Der Gründung einer Gedenkstätte gehen meist jahrelange Auseinandersetzungen um die Anerkennung solcher Orte und ihrer Opfer voraus: Überlebende gehören hierbei zu den wichtigsten Protagonisten ihrer eigenen Erinnerung. Ob sich zivile oder staatliche Träger der Orte annehmen und sie zu Gedenkstätten entwickeln, ist ein eminent politischer Prozess. Wenn Gedenkstätten in Staaten oder Gesellschaften entstehen, von denen die Verbrechen organisiert oder mitverantwortet wurden, ist die fortdauernde Präsenz von Tatbeteiligten oder den Verantwortlichen und ihrer Nachfahren die größte Hürde für einen kritischen Umgang, gerade auf lokaler Ebene. So steht die Aufarbeitung des politischen Terrors in den jüngeren lateinamerikanischen Diktaturen vielfach noch in den Anfängen, während sie in vormaligen Militärregimen wie Südkorea oder Indonesien – und hier insbesondere für die Massenmorde von 1965/66 – noch gar nicht begonnen hat.
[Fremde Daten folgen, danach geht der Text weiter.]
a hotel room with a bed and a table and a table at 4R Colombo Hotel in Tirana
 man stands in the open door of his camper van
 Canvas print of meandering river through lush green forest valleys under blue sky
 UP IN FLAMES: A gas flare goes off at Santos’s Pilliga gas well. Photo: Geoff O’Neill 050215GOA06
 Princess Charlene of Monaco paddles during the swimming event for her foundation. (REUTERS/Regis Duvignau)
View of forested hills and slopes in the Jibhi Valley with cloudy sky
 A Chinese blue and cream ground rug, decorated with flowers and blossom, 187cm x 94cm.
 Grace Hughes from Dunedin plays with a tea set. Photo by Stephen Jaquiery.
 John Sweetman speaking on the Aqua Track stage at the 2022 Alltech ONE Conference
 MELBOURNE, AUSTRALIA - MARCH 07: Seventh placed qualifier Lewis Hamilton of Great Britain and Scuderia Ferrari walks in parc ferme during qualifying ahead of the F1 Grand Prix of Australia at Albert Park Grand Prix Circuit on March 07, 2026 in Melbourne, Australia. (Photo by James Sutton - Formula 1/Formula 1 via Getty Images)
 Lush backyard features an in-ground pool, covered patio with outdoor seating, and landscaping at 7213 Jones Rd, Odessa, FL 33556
Besonders im Fall von Massengräbern ist der Aufklärungsbedarf nach wie vor beträchtlich. Die Notwendigkeit des „digging for the disappeared“ (Rosenblatt 2015) reicht weit über den Holocaust hinaus. Weltweit sind zahllose Massengräber bislang unentdeckt oder bedürfen noch aufwändiger forensischer Untersuchungen, um zumindest die Identität der Toten festzustellen (Ferrándiz/Robben 2015). Seit den 1980er Jahren ist – ausgehend von Lateinamerika – ein Netzwerk forensisch tätiger Nichtregierungsorganisationen entstanden. Inzwischen sind sie auch im Auftrag der Internationalen Strafgerichte zu Jugoslawien, Ruanda und Kambodscha tätig. Selbst für das vermeintlich gut erforschte Geschehen des Holocaust sind insbesondere auf dem Gebiet der ehemaligen Sowjetunion zahlreiche Mordstätten nicht bekannt oder markiert. Die 2004 in Frankreich gegründete Organisation Yahad-in UnumYahad-in Unum hat sich deren Lokalisierung zur Aufgabe gemacht und in einer Vielzahl von Feldforschungen vor allem Zeitzeugen vor Ort befragt, um Gräber ausfindig zu machen.